Per ora, questo basta. Ma è impossibile non porsi domande sul dopo. La scherma, quella dal vivo, manca a tutti ed è impensabile riuscire a farne a meno.
Nel mio lavoro il contatto fisico è fondamentale. Può sembrare strano in uno sport individuale e per di più che si pratica con un’arma ma nell’insegnarlo è così, soprattutto con i più piccoli. In allenamento ma anche e soprattutto in gara.
Per un atleta è importante voltarsi a fondo pedana e vederti lì per lui, pronto a sostenerlo e incoraggiarlo ma c’è anche molto altro.
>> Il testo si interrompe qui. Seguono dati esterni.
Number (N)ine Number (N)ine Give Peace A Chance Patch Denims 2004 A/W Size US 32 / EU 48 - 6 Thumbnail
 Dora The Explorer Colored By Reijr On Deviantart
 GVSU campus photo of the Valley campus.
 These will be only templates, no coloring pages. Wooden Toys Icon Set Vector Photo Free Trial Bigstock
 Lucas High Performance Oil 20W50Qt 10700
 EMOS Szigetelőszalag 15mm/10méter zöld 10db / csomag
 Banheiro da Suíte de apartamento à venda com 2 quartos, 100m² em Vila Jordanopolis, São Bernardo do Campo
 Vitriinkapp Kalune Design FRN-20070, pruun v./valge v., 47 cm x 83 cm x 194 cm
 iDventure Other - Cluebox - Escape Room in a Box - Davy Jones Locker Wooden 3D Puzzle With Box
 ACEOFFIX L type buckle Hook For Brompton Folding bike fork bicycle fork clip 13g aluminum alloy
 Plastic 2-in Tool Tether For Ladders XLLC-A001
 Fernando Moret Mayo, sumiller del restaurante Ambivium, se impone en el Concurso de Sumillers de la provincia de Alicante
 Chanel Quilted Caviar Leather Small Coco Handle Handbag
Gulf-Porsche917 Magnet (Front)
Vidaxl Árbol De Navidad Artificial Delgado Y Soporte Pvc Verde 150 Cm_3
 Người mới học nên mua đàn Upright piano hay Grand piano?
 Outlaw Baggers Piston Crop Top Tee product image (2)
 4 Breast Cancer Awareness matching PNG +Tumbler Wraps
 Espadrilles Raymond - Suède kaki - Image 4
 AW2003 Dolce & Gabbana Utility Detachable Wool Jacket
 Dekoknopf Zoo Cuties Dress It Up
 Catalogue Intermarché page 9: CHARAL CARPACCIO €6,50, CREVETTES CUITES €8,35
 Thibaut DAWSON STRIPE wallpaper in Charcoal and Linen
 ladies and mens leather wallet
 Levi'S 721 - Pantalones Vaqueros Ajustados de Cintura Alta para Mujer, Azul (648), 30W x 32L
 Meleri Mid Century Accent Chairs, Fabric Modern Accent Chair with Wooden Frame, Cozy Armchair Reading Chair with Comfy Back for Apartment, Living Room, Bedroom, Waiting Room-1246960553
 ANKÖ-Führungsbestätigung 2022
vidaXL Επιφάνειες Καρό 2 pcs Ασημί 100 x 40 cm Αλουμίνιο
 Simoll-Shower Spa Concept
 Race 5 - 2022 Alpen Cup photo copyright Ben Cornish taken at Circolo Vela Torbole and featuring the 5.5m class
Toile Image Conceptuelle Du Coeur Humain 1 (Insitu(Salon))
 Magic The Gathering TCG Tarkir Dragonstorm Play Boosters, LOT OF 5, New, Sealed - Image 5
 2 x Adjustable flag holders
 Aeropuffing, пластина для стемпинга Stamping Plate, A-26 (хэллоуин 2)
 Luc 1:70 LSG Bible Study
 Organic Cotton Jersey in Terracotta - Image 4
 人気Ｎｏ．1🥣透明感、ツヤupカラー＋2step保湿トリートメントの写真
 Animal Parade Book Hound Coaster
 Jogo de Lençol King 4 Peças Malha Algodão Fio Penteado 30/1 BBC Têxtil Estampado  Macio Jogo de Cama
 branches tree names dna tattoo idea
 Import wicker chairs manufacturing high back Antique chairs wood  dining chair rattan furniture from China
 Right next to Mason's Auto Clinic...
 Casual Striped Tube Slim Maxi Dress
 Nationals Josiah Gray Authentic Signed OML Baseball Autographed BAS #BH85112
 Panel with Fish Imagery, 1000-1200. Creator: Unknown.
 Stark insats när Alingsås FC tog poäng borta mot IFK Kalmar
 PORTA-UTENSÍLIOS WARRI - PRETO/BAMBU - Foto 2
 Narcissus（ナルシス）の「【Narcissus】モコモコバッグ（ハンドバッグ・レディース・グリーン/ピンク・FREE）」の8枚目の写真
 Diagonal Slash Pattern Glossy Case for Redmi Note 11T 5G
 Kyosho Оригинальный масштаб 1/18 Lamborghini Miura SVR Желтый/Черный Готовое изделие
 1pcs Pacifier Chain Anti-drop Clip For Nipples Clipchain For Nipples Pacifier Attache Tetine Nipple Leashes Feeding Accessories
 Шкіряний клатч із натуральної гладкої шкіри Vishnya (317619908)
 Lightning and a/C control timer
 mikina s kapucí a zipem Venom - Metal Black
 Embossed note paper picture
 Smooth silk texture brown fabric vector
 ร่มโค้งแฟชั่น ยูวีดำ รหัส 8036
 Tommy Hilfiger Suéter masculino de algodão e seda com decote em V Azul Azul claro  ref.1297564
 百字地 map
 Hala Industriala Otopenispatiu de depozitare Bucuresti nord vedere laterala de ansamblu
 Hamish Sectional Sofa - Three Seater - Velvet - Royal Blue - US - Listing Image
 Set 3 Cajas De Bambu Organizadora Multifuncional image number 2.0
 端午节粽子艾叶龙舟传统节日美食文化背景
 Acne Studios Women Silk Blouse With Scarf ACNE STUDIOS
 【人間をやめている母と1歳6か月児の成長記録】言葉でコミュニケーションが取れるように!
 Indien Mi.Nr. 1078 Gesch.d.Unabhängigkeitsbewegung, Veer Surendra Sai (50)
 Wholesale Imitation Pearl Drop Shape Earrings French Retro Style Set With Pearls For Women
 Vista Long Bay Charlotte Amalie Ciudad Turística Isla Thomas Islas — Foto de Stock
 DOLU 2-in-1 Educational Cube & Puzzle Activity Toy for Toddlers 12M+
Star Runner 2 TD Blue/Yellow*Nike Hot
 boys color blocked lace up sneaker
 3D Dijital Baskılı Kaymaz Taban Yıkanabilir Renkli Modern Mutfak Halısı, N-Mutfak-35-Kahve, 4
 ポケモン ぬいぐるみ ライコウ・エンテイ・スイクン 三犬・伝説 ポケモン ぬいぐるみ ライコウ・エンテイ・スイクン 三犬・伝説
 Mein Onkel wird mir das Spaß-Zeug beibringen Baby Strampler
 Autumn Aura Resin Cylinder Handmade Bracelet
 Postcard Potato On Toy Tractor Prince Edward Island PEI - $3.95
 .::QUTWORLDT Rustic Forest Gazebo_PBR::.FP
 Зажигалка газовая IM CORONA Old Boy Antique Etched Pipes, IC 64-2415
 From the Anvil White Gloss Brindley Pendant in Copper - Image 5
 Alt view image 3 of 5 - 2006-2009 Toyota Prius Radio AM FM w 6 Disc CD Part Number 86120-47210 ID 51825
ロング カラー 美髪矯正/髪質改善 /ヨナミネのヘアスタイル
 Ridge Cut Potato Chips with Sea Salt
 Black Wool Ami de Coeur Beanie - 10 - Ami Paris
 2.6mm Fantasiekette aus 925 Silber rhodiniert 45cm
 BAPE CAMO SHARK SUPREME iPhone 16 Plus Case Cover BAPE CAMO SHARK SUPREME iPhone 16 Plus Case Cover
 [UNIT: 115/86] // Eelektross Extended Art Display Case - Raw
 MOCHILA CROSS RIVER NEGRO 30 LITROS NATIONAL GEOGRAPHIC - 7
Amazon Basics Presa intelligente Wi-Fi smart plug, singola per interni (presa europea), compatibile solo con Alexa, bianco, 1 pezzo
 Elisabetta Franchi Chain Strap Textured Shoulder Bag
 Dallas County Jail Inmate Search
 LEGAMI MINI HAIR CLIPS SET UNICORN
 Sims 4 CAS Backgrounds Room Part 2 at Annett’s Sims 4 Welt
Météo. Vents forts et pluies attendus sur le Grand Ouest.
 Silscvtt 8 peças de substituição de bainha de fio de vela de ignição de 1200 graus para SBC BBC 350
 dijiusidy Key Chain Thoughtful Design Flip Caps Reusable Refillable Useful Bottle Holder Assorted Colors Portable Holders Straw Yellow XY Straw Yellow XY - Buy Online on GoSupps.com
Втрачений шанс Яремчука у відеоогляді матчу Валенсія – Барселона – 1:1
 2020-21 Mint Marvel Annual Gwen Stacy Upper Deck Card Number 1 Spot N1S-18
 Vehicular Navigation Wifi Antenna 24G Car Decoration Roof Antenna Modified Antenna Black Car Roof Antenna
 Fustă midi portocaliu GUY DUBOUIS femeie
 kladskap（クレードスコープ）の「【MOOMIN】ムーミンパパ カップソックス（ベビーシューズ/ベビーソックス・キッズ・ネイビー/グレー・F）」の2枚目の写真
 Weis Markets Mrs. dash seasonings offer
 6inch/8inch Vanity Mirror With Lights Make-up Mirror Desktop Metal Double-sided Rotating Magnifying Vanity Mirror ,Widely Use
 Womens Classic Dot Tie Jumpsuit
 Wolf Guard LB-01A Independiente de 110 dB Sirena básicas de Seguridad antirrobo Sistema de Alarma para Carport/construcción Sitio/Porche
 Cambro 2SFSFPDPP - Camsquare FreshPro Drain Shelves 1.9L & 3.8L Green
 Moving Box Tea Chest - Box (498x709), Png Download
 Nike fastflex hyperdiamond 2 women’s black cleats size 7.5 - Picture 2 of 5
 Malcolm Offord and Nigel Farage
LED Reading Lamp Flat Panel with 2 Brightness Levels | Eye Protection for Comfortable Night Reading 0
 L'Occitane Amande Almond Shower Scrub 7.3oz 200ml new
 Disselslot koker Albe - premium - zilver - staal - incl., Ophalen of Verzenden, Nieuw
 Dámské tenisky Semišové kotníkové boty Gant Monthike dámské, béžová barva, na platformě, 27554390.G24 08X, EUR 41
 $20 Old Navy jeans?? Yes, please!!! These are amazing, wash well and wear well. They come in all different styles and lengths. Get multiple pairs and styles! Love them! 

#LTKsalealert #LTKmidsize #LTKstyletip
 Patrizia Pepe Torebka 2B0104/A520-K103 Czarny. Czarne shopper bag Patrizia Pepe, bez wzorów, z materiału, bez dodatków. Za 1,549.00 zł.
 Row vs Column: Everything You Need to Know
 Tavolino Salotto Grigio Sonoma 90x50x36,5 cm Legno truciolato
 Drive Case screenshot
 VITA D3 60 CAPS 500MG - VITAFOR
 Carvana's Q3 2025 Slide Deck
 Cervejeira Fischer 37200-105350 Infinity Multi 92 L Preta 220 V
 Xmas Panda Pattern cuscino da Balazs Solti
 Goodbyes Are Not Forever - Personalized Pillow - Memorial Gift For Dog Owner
Un abbraccio, una contatto con la mano danno a volte l’incoraggiamento e la fiducia che sono necessari. Per un bambino che impara attività nuove, le mani del maestro pronte a sostenerlo quando si mette alla prova con quell’esercizio nuovo, che gli fa paura, sono parte integrante del processo di apprendimento. La stretta di mano a fine lezione è più di un gesto simbolico, trasmette quella sensazione che sì, sei stato bravo, stai davvero migliorando e che, espressa fisicamente in quel gesto apparentemente insignificante, ha una valenza maggiore del sentirselo solo dire a parole.
Lo sport è fatto per una buona metà di emozione e l’emozione è anche fisica.
Ci dovremo adattare all’inizio, ne siamo consapevoli. Ma ci crediamo fermamente che questo lungo assalto contro il virus lo vinceremo noi.
D’altronde, siamo spadisti: sappiamo attendere fino al momento migliore per lanciare la stoccata. Conosciamo l’importanza della scelta di tempo. E sappiamo che un assalto non è concluso fino a che la quindicesima stoccata non è stata assegnata.